Support simultaneous stacking and dodging by different variables in geom_col #6324

bakaburg1 · 2025-02-06T11:25:20Z

I'd like to propose adding support for simultaneous stacking and dodging controlled by different variables in geom_col. Currently, this common visualization need requires workarounds that are both verbose and harder to maintain.

Current Limitation

When using geom_col, we can either stack or dodge bars based on a grouping variable, but not both at the same time using different variables. This makes it difficult to create visualizations where we want to:

Stack bars by one categorical variable
Dodge the resulting stacks by another categorical variable

Here's a reprex with counts from surveillance data stratified by year, country and surveillance protocol

Minimal Reproducible Example

library(ggplot2)
library(dplyr)

# Sample data
df <- bind_rows(
    data.frame(
        year = rep(2016, 5),
        protocol = rep("M", 5),
        country = c("A", "B", "C", "D", "E"),
        freq = c(100, 50, 30, 40, 11)
    ),
    data.frame(
        year = rep(2016, 4),
        protocol = rep("L", 4),
        country = c("A", "B", "C", "D"),
        freq = c(23, 60, 200, 100)
    )
)

# Current workaround requires multiple geom_col calls
ggplot() +
    geom_col(
        data = df %>% filter(protocol == "M"),
        aes(x = year - .5, y = freq,
            fill = protocol, group = country),
        position = "stack",
        width = 0.4
    ) +
    geom_col(
        data = df %>% filter(protocol == "L"),
        aes(x = year + .5, y = freq,
            fill = protocol, group = country),
        position = "stack",
        width = 0.4
    )

Desired Behavior

Ideally, we would be able to specify both stacking and dodging variables in a single geom_col call, something like:

# Conceptual syntax (not working)
ggplot(df, aes(x = year, y = freq)) +
    geom_col(
        aes(fill = protocol, group = country),
        position = position_stackdodge(
            stack_by = "country",
            dodge_by = "protocol"
        )
    )

Use Cases

This functionality would be particularly useful for:

Comparing distributions across multiple categories
Visualizing nested hierarchical data
Creating more complex compositional charts without resorting to hacky solutions
Maintaining consistent spacing and positioning without manual x-axis adjustments

Benefits

More intuitive API for common visualization needs
Reduced code complexity
Better maintainability
Consistent positioning and spacing handled by ggplot2
Easier integration with scales and themes

teunbrand · 2025-02-06T11:47:08Z

Thanks for the report! This request is similar to #2267, which was closed as unplanned.
I think one reason we've been reluctant to implement this is because it would break the API as position adjustments do not have the right authority to include variables (like stack_by and dodge_by) from the data.
However, because we implemented #6100, I think this limitation no longer holds and this suggestion no longer would break the API.
For these reasons, I think this should be possible, but I'm not yet convinced that it belongs to ggplot2 and not an extension package.

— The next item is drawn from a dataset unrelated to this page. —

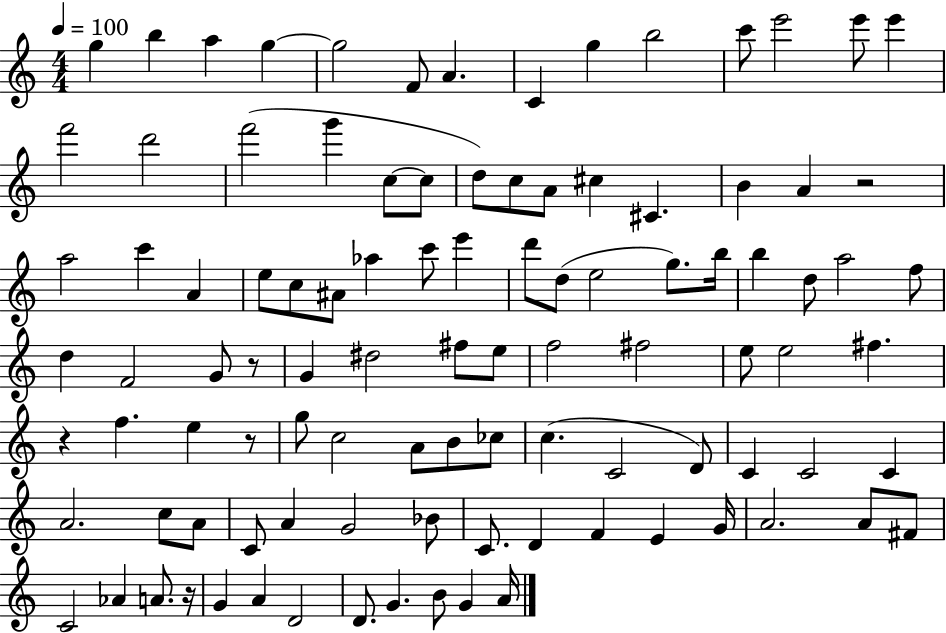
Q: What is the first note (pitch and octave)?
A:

bakaburg1 · 2025-02-06T13:42:44Z

Thank you!

In the meantime (with great help of various AIs) I developed an ad hoc geom. I still think that a position_ function is more appropriate since it could accommodate other geoms too (and I don't like the idea of a geom just for positioning) but I wasn't able to make one. Regarding whether to put it ggplot or not I would advise for the first solution. I was very surprised in the first place this was not possible already, it's something one would expect out of the box!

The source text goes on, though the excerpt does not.